Jaehyun has entered their world—a single step—and Mark can see the uncertainty painted across his face as he looks from Yuta to Mark, eyes wide. There’s no going back once you’ve entered, Mark thinks. It’s a sentence. It’s an outcome.

Mark hopes that Jaehyun can be the exception.


	5. Want

**Summary for the Chapter:**

> At the moment, there are things that Jaehyun wants and things that Jaehyun needs. They overlap quite nicely.

The sound of clattering and cursing drifts to the bathroom over the sound of the razor buzzing through his hair and the phone shoved into a red solo cup, playing some alternating mix of Japanese rock and classical piano. It’s therapeutic in a way, and Jaehyun allows himself to close his eyes and curl in on himself as Yuta works, humming along. The bathroom is small, and not nearly big enough for the three of them, though Mark squeezes his way in anyways, body sprawled out in the tub.

A fan, placed carefully by Mark, circulates the air; preparation for the box of bleach that Yuta has placed on the counter space. Beside it are several colors, and Jaehyun still isn’t sure what he wants. He doesn’t really care; it’s more of a passing thing. His parents will throw a shit-fit the moment they see him—rush him to their hairdresser to fix it.

Jaehyun, though, hopes that they don’t. He’s growing into his rebellion by stretching his arms and occupying the space that he learns he has; the space that his blinders had kept him from seeing. The more confidence Jaehyun gains, the farther he can see. Slowly but surely, he is finding freedom.

It comes at a cost, though. He ignores the distance that has sprouted between him and those that he considered friends, and the cracks and canyons that are beginning to erupt between him and his father. His mother tries to hold him close, and Donghyuck looks up at him with eyes that seem to shine brighter. There are wins, and there are losses, and Jaehyun still can’t decide which he values more.

And things fragment at an exponential rate, beginning slowly and increasing in speed. His grades and his scholarships and his applications do not slip from his hands, even as everything else does.
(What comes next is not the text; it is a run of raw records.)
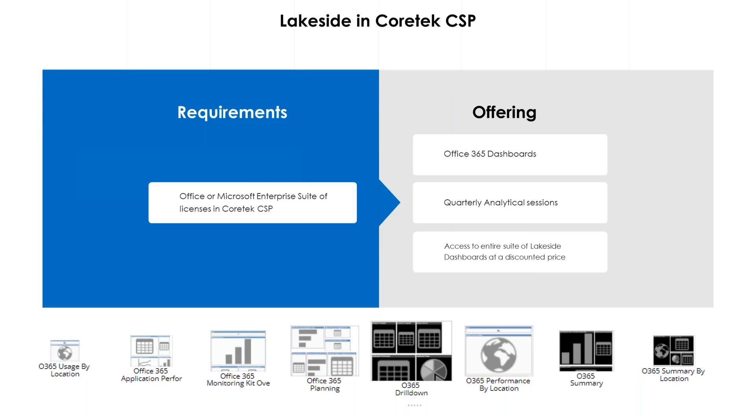So going back to the presentation here. Lakeside and Cortex have a pretty unique partnership that we are really excited about. Essentially, what we're offering is the Office 365 dashboards to customers who are in our CSP who have purchased either the Office or Microsoft Enterprise suite of licenses through Cortex. The Office 365 dashboards are actually included at no cost, just as kind of a value add. Along with that, we're also offering quarterly analytical sessions with our CSP customers just to really dive into the data and see if there's any type of spend or right sizing that we can do for you. And then additionally, there is also access to the entire suite of Lakeside dashboards at a discounted price.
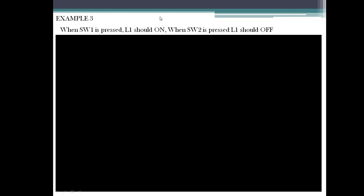Let's continue with the previous session. We've seen Example 1 and Example 2, so let's see Examples 3 and 4 in this session. When Switch 1 is pressed, L1 should turn on; when Switch 2 is pressed, L1 should go off. So here they are having two inputs — SW1 and SW2 — and one output, L1.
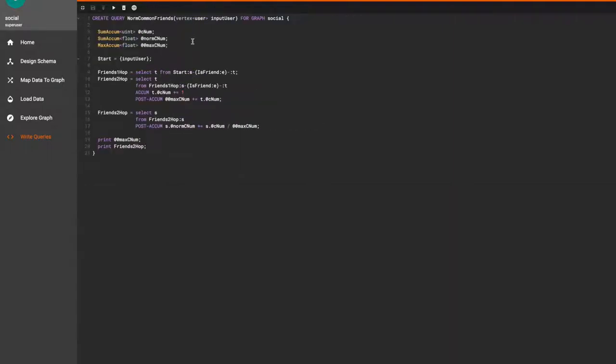We accept an input of vertex of type user and use two local accumulators and one global accumulator. CNUM is for the number of common friends, norm CNUM is for the normalized value of the number of common friends, and max CNUM is the highest value of number of common friends.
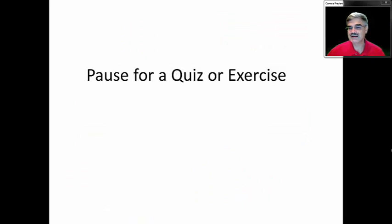We'll pause now to have a short quiz, and then we'll continue on to the next chapter.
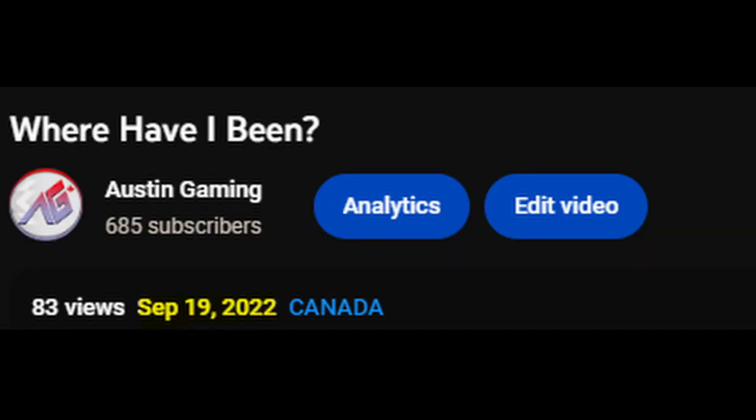I have not done a video since September 19th of last year, so that was like 8 months ago. The reason for that is because I just don't like to really do videos much anymore. I just like to do live streams more, like whenever I can, like occasionally.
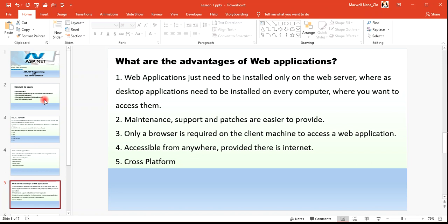Maintenance, support, and patches are easier to provide. Only a browser is required on the client's machine to access a web application. Web applications are accessible from everywhere provided there is internet, and they are also cross-platform — Android, Windows, iOS, Linux. Examples include Facebook and Instagram.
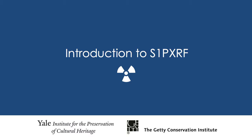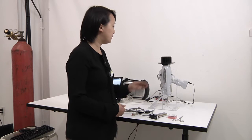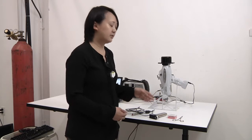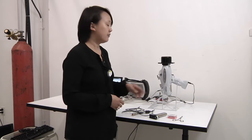So in this section we will be turning on the instrument and using the S1PXRF software to control the instrument. As a quick review, I'd like to remind the audience that there are three ways to activate the x-ray tube.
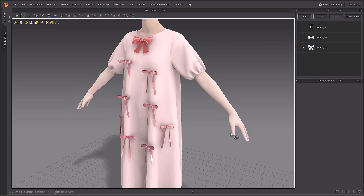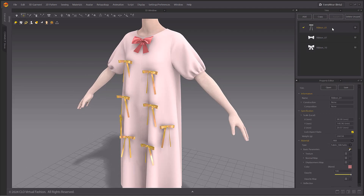You can easily save and load trim files with the open/save buttons in the Trim Style property window.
It has nothing to do with him, and it has everything to do with what things in life he can control and those which he cannot.

For the first time in his life, something dangles in front of Jaehyun’s face that has the ability to be manipulated by him. He’s eager to take this opportunity and run with it—spreading his proverbial wings as far as they can go. Jaehyun will leave what he can behind and protect what he can’t. It’s not evident to him, yet, what the consequences will be. The immediate ones have presented themselves already, though Jaehyun squints against the sunlight to see that which exists in the future.

His hair falls to the ground as Yuta trims it. There’s something symbolic or poetic about it, Jaehyun is sure, though he doesn’t have the power to think about it in such a way. If anything, it’s fixing something that was broken into something new. Everything has changed, and Jaehyun isn’t sure if there’s going back. He isn’t sure he wants to go back, anyways.

When he closes his eyes, Jaehyun can still see Mark on the sidewalk, grinning up at the streetlamps like he couldn’t believe what was happening. Beyond the nearly-crippling arousal that festers in Jaehyun’s gut whenever he thinks about Mark for _too_ long, there’s something beyond it all that’s captured him—pulling Jaehyun in so far that he can no longer see where he began. It’s okay, though.

The grip around his wrist has never been too tight; the direction has never been foreign. Jaehyun has always had the opportunity to turn around and find another place to rest his mind.

“Should you be dying it?” Mark asks from the tub. Yuta and Jaehyun, in sync, turn around to face Mark, who scrolls through his phone without looking up. “He still has all those scratches and whatever on his scalp. Won’t it, like, make it worse or whatever?”

“They look worse than they really are,” admits Jaehyun, reaching up with hesitant fingers as he runs them along his scalp.

And it’s not a lie—Jaehyun is beyond offering those to Mark. They’re artifacts of an event from a week ago. If anything, he wants to move forward from them. He knows that this isn’t the wisest choice—that things could, of course, develop and become worse from this decision. Jaehyun doesn’t care about that, though, so desperate to leave this part of his life in the past.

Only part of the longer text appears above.